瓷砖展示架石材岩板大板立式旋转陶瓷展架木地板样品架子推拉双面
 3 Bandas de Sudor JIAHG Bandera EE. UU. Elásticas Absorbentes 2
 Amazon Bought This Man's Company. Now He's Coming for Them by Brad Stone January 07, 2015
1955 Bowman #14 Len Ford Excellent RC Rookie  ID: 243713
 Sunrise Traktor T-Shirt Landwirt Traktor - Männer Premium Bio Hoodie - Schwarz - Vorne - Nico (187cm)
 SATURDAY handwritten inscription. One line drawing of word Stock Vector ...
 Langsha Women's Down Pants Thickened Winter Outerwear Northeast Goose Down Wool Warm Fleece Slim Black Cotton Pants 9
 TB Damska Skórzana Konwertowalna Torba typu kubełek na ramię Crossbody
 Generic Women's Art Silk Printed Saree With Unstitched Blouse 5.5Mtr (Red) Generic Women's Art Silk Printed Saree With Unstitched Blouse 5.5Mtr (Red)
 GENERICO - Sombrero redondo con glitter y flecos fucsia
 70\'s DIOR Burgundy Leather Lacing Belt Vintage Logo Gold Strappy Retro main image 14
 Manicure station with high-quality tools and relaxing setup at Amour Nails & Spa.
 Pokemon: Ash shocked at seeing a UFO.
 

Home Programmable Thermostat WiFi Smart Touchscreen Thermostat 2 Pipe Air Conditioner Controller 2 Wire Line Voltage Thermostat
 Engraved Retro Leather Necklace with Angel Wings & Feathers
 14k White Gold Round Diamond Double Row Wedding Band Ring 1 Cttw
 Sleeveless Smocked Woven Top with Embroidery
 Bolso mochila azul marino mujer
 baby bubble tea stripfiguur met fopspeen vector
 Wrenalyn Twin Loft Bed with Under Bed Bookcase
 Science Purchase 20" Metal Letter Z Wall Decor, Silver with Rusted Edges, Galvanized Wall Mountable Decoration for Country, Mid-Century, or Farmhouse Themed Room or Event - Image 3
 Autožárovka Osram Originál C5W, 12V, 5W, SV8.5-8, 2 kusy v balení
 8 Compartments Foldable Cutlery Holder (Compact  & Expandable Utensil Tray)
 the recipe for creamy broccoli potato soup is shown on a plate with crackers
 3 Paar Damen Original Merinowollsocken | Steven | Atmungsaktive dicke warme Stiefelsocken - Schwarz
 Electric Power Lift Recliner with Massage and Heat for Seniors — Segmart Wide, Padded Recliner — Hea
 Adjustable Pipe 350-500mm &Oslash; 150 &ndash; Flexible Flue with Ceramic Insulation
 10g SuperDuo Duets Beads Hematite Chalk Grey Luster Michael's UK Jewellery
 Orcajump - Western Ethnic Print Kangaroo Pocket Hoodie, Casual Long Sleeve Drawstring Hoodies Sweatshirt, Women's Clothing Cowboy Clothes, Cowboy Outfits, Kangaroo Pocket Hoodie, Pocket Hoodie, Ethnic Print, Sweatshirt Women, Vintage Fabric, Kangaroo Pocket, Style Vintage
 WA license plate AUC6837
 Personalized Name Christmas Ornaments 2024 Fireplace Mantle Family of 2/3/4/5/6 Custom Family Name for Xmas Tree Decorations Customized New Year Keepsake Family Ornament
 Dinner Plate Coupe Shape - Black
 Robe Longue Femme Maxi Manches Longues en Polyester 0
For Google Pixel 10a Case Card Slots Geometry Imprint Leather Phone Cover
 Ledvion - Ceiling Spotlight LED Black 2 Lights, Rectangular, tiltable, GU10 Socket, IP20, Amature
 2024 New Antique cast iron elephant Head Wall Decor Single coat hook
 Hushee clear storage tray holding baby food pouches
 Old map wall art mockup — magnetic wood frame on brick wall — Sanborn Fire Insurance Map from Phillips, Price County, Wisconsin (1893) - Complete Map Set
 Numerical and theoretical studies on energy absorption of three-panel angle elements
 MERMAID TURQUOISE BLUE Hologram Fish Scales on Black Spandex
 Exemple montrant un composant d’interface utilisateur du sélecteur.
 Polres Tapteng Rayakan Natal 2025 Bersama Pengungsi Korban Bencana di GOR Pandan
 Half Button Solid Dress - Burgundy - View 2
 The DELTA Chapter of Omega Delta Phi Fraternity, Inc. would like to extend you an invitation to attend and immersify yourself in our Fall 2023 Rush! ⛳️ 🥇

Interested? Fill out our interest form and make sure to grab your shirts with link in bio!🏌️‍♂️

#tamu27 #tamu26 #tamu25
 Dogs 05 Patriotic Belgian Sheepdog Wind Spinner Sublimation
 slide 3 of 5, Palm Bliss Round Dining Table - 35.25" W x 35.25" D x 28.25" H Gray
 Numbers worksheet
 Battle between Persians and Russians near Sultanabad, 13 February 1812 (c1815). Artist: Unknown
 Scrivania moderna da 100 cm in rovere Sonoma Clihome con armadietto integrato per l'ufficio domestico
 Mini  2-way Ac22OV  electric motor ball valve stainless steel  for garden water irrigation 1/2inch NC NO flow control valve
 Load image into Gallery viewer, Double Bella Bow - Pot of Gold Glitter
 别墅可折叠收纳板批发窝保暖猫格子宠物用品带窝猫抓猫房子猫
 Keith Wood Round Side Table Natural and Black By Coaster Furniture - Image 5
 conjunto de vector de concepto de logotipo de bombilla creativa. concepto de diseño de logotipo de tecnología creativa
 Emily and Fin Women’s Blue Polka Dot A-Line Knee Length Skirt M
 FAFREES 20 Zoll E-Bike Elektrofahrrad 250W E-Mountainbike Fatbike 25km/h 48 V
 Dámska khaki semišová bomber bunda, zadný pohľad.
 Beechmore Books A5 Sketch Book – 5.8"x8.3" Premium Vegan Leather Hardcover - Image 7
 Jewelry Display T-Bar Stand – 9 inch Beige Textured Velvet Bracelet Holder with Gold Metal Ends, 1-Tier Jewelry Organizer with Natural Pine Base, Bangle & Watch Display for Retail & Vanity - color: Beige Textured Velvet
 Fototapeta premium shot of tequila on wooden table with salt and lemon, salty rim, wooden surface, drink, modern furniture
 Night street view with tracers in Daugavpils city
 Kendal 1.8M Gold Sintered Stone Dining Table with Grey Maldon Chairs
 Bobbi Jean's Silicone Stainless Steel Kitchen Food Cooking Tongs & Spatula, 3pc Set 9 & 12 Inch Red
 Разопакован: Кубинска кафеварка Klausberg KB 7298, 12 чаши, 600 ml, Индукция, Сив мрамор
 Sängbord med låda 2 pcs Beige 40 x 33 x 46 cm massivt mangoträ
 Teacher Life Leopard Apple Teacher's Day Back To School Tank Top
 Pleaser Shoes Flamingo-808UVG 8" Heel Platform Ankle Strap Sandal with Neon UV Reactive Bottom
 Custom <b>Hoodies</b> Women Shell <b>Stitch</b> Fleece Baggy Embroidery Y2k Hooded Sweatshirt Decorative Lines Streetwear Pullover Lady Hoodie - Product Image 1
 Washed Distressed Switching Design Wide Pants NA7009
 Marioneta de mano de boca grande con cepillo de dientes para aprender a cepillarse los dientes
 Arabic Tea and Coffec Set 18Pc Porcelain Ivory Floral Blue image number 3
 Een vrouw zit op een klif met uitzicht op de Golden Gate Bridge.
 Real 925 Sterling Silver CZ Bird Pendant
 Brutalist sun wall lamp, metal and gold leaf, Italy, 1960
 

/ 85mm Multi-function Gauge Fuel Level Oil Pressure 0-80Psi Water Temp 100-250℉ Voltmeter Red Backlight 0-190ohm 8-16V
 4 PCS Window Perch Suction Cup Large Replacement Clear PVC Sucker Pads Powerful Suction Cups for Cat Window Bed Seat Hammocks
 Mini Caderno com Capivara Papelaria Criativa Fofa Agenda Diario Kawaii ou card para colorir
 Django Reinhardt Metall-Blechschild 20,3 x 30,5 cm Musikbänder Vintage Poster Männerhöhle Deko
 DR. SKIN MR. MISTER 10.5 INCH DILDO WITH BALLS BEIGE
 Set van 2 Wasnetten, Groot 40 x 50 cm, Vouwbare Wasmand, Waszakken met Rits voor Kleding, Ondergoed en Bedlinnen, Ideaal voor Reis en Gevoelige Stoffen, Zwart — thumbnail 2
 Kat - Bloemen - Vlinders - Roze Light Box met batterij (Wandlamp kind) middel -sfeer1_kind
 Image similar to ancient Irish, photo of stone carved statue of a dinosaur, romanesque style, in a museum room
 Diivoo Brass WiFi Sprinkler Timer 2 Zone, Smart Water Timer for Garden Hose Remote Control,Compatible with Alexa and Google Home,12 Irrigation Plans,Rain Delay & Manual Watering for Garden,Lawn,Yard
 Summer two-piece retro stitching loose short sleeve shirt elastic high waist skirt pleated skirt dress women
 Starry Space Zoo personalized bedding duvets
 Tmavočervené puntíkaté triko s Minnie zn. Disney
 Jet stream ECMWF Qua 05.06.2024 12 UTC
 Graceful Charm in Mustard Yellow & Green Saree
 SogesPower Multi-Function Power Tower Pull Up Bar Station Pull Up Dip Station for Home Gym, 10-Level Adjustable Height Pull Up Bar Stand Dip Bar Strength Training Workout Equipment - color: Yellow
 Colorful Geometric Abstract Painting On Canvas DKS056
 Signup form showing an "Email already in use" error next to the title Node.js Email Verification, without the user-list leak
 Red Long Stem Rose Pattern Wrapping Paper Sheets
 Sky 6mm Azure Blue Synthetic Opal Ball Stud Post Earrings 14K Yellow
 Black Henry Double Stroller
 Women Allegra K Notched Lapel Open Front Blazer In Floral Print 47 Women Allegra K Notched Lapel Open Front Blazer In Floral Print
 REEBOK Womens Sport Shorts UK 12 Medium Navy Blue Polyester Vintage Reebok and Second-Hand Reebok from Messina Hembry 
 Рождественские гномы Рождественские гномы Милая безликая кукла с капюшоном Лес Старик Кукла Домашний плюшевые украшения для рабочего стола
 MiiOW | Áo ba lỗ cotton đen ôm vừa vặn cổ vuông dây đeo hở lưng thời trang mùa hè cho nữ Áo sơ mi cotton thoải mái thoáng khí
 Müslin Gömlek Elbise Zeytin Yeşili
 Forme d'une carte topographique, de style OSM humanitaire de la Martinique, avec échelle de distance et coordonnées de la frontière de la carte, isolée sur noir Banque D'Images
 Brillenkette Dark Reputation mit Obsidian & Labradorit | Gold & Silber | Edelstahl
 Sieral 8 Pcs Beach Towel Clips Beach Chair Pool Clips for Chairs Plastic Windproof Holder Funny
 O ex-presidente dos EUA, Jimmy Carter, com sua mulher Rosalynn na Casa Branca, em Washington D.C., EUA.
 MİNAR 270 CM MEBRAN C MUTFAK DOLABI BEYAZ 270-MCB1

────────────────────

# YOUR OBJECTIVE
Check each line of the data above for the string "Stand", and copy the ones that have it.

# RESPONSE
 Jewelry Display T-Bar Stand – 9 inch Beige Textured Velvet Bracelet Holder with Gold Metal Ends, 1-Tier Jewelry Organizer with Natural Pine Base, Bangle & Watch Display for Retail & Vanity - color: Beige Textured Velvet
 SogesPower Multi-Function Power Tower Pull Up Bar Station Pull Up Dip Station for Home Gym, 10-Level Adjustable Height Pull Up Bar Stand Dip Bar Strength Training Workout Equipment - color: Yellow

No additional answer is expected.